* [Requirement]: Nothing but the lines below from the one with "Brasil Human Virgin" through the one with "Handmade China Classical" should be output, each exactly as given, and no pictures.

* [Records shown]:
___

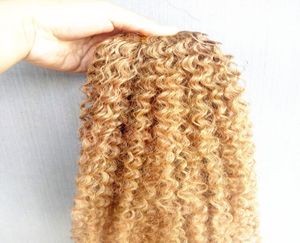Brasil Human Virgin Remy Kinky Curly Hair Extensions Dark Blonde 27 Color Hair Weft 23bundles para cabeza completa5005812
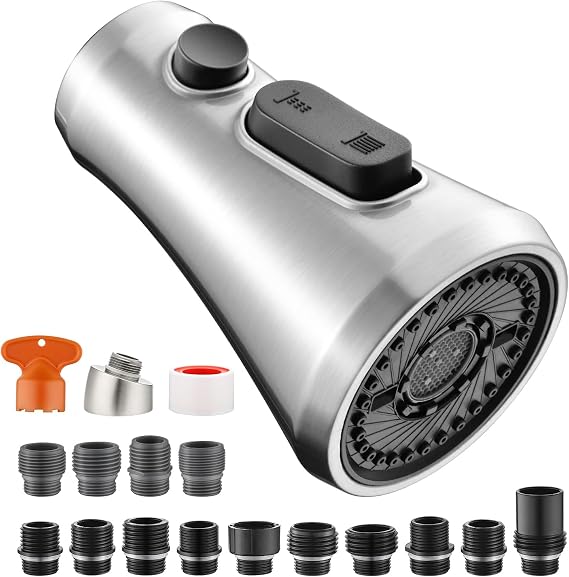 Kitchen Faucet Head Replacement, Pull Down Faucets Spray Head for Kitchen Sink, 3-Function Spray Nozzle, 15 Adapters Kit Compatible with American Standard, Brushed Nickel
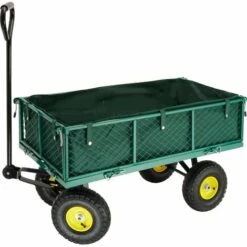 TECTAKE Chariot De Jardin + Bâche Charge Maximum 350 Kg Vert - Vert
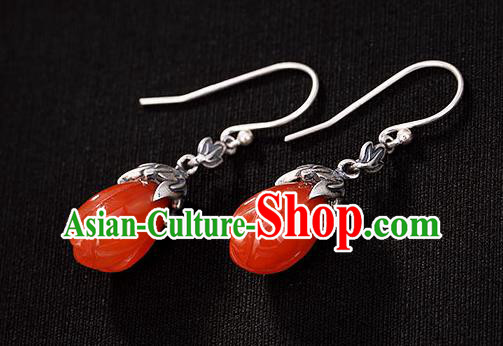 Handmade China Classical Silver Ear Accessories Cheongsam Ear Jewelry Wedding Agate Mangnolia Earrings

___

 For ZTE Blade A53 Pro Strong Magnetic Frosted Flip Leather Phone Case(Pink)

___

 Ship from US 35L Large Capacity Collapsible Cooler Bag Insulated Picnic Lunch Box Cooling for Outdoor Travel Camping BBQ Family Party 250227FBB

___

* [Response box]:
Brasil Human Virgin Remy Kinky Curly Hair Extensions Dark Blonde 27 Color Hair Weft 23bundles para cabeza completa5005812
 Kitchen Faucet Head Replacement, Pull Down Faucets Spray Head for Kitchen Sink, 3-Function Spray Nozzle, 15 Adapters Kit Compatible with American Standard, Brushed Nickel
 TECTAKE Chariot De Jardin + Bâche Charge Maximum 350 Kg Vert - Vert
 Handmade China Classical Silver Ear Accessories Cheongsam Ear Jewelry Wedding Agate Mangnolia Earrings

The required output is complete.